Accueil A la une photo Au revoir plastique, bonjour pavé ! La Sasminimum, un exemple de circularité.

Une politique « zéro déchets » est possible en Ile-de-France

Tribune publiée dans Reporterre le 10 octobre dernier, avec Corinne Rufet, vice-présidente à l'énergie et l'environnement de la région Ile-de-France. La tribune est publiée alors qu'a lieu le samedi même un rassemble contre la reconstruction de l’incinérateur d’Ivry.


Nous avons un défi majeur, en amont de la COP 21 : celui de diminuer le plus possible notre impact sur l’environnement. Nous disposons de véritables moyens d’action, parmi lesquels l’inscription résolue dans une trajectoire zéro déchet. L’objectif est simple : réduire toutes les sources de gaspillage, donner une seconde vie aux produits et recycler tout ce qui est recyclable. En d’autres termes, nous devons choisir de préserver la matière plutôt que de créer des déchets que l’on devra enfouir ou incinérer au détriment de notre environnement.

Les états généraux de l’économie circulaire du Grand-Paris ont permis de faire émerger 65 propositions pour un territoire qui crée des ressources à partir de ses déchets, une véritable solidarité des territoires pour une excellence environnementale, et pourrait permettre de créer jusqu’à 50.000 emplois durables et non-délocalisables.

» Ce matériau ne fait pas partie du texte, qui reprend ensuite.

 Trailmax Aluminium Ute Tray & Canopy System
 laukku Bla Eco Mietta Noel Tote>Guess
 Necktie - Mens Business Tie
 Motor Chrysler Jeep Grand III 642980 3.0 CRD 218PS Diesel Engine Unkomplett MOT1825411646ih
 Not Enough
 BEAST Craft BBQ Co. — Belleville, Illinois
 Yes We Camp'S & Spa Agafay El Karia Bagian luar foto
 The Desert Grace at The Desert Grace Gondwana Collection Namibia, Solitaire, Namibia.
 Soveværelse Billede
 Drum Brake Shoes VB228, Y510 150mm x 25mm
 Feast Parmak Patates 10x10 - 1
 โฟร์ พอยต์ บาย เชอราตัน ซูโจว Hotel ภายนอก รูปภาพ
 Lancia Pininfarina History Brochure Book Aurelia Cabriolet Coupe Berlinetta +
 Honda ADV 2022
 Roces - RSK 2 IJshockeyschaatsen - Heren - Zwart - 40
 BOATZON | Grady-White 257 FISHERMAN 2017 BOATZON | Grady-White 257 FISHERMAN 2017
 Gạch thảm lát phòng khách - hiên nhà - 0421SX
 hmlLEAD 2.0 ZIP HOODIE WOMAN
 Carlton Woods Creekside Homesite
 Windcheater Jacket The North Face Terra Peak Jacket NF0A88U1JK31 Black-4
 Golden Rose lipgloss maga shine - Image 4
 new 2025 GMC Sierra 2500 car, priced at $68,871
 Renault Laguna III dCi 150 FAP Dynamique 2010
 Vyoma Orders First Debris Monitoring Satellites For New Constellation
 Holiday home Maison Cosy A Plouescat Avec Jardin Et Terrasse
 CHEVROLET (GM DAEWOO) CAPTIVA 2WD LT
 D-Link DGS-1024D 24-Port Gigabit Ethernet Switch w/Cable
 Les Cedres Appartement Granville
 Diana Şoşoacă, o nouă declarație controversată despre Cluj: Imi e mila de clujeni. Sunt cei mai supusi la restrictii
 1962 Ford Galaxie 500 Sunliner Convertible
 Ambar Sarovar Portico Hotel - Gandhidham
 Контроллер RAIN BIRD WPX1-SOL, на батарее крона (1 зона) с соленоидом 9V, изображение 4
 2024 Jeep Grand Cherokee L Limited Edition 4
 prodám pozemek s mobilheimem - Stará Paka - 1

La région Île-de-France, par délégation de l’État, assume par ailleurs la responsabilité de planificateur, notamment en définissant des objectifs de réduction, de recyclage et de valorisation des déchets, mais également en fixant des objectifs de rééquilibrage territorial, où les installations et équipements de déchets puissent être répartis équitablement sur le territoire francilien.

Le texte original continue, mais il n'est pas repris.